For every line in the data below, check for the word "Honda", then state how many lines have it. Answer with the number only.

=== Section Start ===

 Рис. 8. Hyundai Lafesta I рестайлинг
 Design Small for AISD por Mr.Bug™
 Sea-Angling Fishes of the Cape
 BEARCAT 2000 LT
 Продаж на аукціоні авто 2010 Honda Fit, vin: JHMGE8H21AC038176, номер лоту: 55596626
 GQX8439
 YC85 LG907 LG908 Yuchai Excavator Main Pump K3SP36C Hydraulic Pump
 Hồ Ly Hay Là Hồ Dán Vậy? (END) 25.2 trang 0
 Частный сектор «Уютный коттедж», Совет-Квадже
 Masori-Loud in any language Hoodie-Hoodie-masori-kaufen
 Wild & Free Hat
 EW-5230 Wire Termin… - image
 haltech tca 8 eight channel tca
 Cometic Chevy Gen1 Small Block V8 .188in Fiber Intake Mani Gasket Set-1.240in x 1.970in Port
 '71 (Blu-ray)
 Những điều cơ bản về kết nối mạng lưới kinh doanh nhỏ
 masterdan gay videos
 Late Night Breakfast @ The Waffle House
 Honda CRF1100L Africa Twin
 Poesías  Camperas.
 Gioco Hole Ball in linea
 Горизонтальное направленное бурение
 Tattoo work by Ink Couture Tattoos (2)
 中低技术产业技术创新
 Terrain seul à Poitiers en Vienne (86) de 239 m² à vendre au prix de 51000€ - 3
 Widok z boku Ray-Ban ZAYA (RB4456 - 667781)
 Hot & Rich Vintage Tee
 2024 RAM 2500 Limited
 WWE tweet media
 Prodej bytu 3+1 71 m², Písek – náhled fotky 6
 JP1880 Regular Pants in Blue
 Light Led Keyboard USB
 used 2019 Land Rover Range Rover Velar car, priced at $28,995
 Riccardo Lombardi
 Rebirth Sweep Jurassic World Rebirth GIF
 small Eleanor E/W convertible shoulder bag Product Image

=== Section End ===

_Solution to the problem_:
2